__Exercise details__. With pictures left out, set down exactly the lines that begin at the one containing "Ante Penzion Tribanj-Kruscica" and end with the last line of the entries below.

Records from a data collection
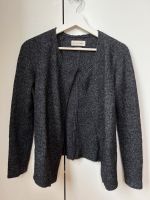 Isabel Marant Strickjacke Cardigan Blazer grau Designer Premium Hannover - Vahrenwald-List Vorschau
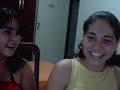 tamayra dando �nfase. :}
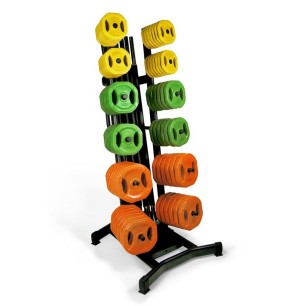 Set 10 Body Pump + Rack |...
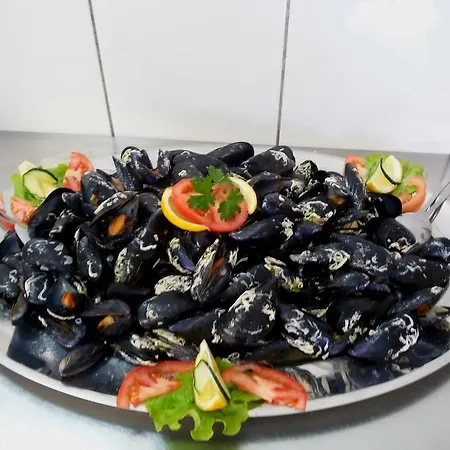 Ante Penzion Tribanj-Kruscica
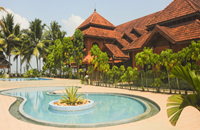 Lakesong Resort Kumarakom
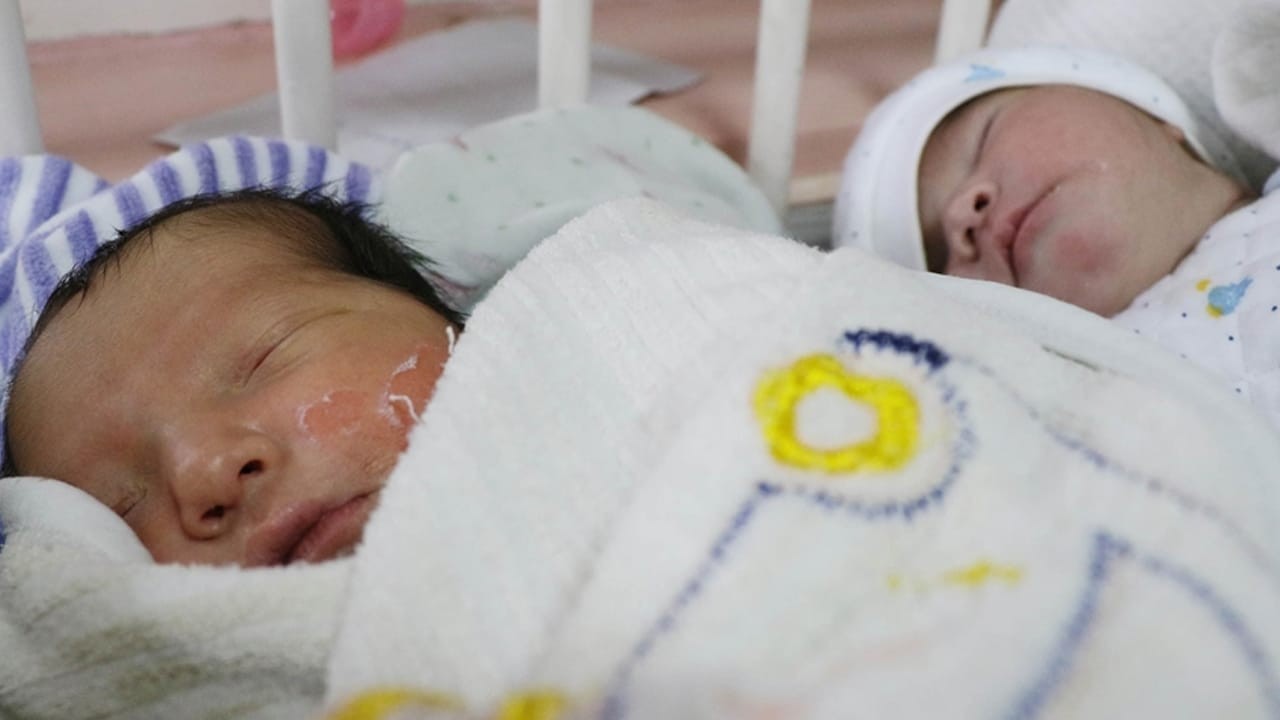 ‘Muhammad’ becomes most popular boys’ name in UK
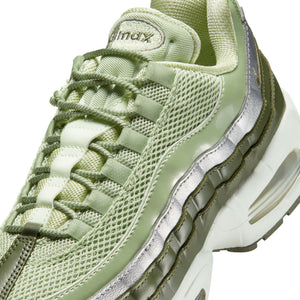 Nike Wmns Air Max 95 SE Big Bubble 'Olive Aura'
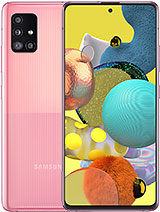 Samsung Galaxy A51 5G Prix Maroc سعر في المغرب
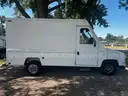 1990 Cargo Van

__Result for this exercise__.
 Ante Penzion Tribanj-Kruscica
 Lakesong Resort Kumarakom
 ‘Muhammad’ becomes most popular boys’ name in UK
 Nike Wmns Air Max 95 SE Big Bubble 'Olive Aura'
 Samsung Galaxy A51 5G Prix Maroc سعر في المغرب
 1990 Cargo Van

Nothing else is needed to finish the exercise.